During a social gathering in The Hop Room and after one too many libations, Pershing's rude advances toward Idonia incurred the wrath of Hanna. In a toe-to-toe confrontation, Pershing received a sever tongue-lashing from the enraged half-sister and was severely reprimanded by Col. J.K. Mizner a Civil War hero and commander of the fort at that time.
It might have been the end of Pershing's career, Wilson suggests, had it not been for a visit to the fort by Maj. General Nelson A. Miles, then general-in-chief of the Army.
Miles is said to have been so impressed with Pershing's talents as a hunting guide that he transferred him to Washington D.C. as an aide-de-camp.
Pershing had been in command of H Company of the 10th Cavalry, a unit of black "Buffalo Soldiers" stationed at Fort Assinniboine. Historians continue to debate whether it was Pershing's command of Black troops at the post that gave him his famous nickname "Black Jack," or a later incident over a prank at West Point that led to the name.
Life at Fort Assinniboine was almost elegant when compared to other western forts in the West during that period, Wilson said.
"All the officers had servants black servants mostly," Wilson said, launching into another humorous story.
"A number of white women were sent to the fort as servants," he said. "But they kept marrying the troops."
Wilson said the commander finally wrote Washington requesting the army send the ugliest girls they could find "preferably girls that were cross-eyed," he said.
No great military confrontations can be attributed to the fort and, in fact, the greatest battles seem to have been to be found with loneliness, boredom, and desertion. Demon rum also led many to spend a night in the fort's guardhouse.
The Spanish American War also saw large numbers of troops depart Fort Assinniboine never to be returned. Then a fire in the water tower building in 1911 signaled the final gasp of the fort, when the Army decided not to rebuild it.
By 1913, the last of the units were withdrawn and the buildings sold to the state for use as a college.
No money was appropriated for the college, and before long, the buildings fell into disrepair.

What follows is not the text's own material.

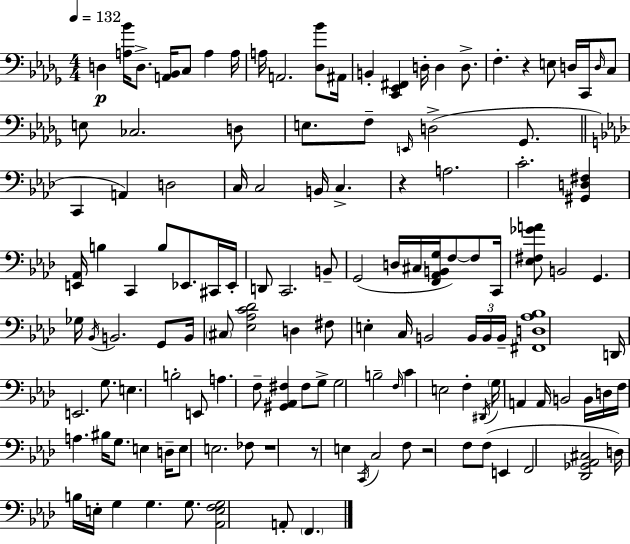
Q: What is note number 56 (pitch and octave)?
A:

Today, the property houses the MSU-Bozeman Agricultural Experiment Station and has been declared a national historic site.
Much work remains to be done to preserve the fort for future generations and the Preservation Association is working hard to gather the funds necessary to develop the site into a first-rate tourism attraction.
The first step is to stabilize and preserve the remaining buildings. Preliminary work has already started on weatherization and stabilization, roofing, door and window coverings and preserving wooden porches on existing buildings.
More than $20,000 in archeological work has so far been completed on the fort, and fences have already been erected to keep cattle from damaging the buildings. Plans for converting one of the old cavalry stables into an interpretive center also exist. A parking lot and picnic area to the north of the fort is also being planned.
According to Wilson, the site will eventually offer living history exhibits, a touring wagon, and self-guided tours.
As many as 25,000 visitors a year are expected to visit the fort when it is completed, Wilson said.
Tours of the Fort are currently available for $3.50 for adults, $1.50 for students 6-12. Children under 6 are free.